Could it happen here?


By Mike Barhorst - Contributing columnist



Sidney’s Tree Board recently announced their annual tree sale. As the deadline approaches, I wanted to encourage residents to consider purchasing one or more of the trees for planting in their yards this year.

The board members have once again chosen some great varieties of trees. This year’s selections include the red maple, the shumard oak, the American hornbeam, the American beech, and the bur oak.

Each of the tree varieties will grow well in our community. The red maple will grow to a mature height of 40 to 60 feet. Its stems turn red in winter, and in the spring, the new leaves are red-tinged turning to green. In the fall, the leaves turn bright red or yellow. It will come from the nursery in a 7-gallon-container and be 6 to 8 feet in height. The tree will cost $58 each.

The shumard oak will also come from the nursery in a 7-gallon-container, and grow to a mature height of 40 to 60 feet. The shumard oak is a stately tree that will grow straight and tall, is very resilient and can withstand droughts, floods and strong winds. It is fast growing, prefers well-drained soils, and produces small acorns that wildlife enjoy. The tree will arrive from the nursery 6 to 8 feet in height, and will cost $59.

The American hornbeam will arrive from the nursery in a 5-gallon-container. It has yellow-green flowers in the spring, and has leaves that are doubly-toothed. It prefers moist soil, and is especially sensitive to drought, heat and soil compaction. It will grow to a mature height of 20 to 35 feet, will arrive from the nursery 3 to 5 feet in height, and will cost $35.

The American beech will grow to a mature height of 50 to 70 feet. It is formal and stately with a wide-spreading canopy that will provide great shade in the summer and beautiful bronze colors in the fall. It is a very versatile tree, often planted in parks and on golf courses. However, it is not a fast-growing tree but rather one planted for future generations to enjoy. This tree will come from the nursery 3 to 5 feet high in a five gallon container and will cost $42 each.

The bur oak is a long-lived tree, one that can easily live more than 250 years. It is tolerant of a variety of soil and moisture conditions. It prefers full sun, produces fringed acorns that are enjoyed by wildlife, and has leaves that are 6 to 12 inches in length. It will grow to a mature height of 70 to 80 feet with a canopy that will have an 80 foot spread. The trees will come from the nursery 3 to 5 feet in height, in a 5-gallon-container, and will cost $35 each.

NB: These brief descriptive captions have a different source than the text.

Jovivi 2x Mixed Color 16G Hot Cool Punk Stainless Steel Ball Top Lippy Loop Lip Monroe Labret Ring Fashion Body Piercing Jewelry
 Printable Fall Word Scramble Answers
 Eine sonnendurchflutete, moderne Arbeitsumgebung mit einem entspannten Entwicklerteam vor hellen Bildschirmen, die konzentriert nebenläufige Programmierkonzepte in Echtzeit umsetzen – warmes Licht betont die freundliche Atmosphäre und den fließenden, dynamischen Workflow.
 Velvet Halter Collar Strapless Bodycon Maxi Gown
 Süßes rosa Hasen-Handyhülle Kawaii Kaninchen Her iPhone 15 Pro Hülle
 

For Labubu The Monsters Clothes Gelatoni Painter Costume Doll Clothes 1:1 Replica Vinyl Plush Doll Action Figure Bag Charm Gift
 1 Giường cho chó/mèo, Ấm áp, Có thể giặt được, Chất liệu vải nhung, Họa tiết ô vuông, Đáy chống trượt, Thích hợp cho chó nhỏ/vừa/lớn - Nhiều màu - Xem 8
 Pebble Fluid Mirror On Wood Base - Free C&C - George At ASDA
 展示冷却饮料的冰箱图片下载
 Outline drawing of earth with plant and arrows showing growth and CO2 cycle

Order forms are available online, and are due no later than this Friday, Oct. 8, 2021. Payment must be made at the time the trees are ordered, and the order forms must be mailed or dropped off at the city of Sidney Service Center (415 S. Vandemark Road).

The trees will be delivered from the nursery and available for pickup on Saturday, Oct. 30 from 9 a.m. until noon at the Sidney Service Center (415 S. Vandemark Road). The trees should only be planted on your property. None of these varieties are suitable for planting in the tree lawn (the space between the street and the sidewalk.)

I want to take this opportunity to encourage residents to purchase trees and plant them. The city has lost thousands of trees in the past decade as a result of the emerald ash borer. Not only has the emerald ash borer devastated Sidney’s ash trees, it has killed tens of millions of ash trees across the United States. It is expected that before the devastation is over, it will kill most of the 8,700,000,000 ash trees in North America.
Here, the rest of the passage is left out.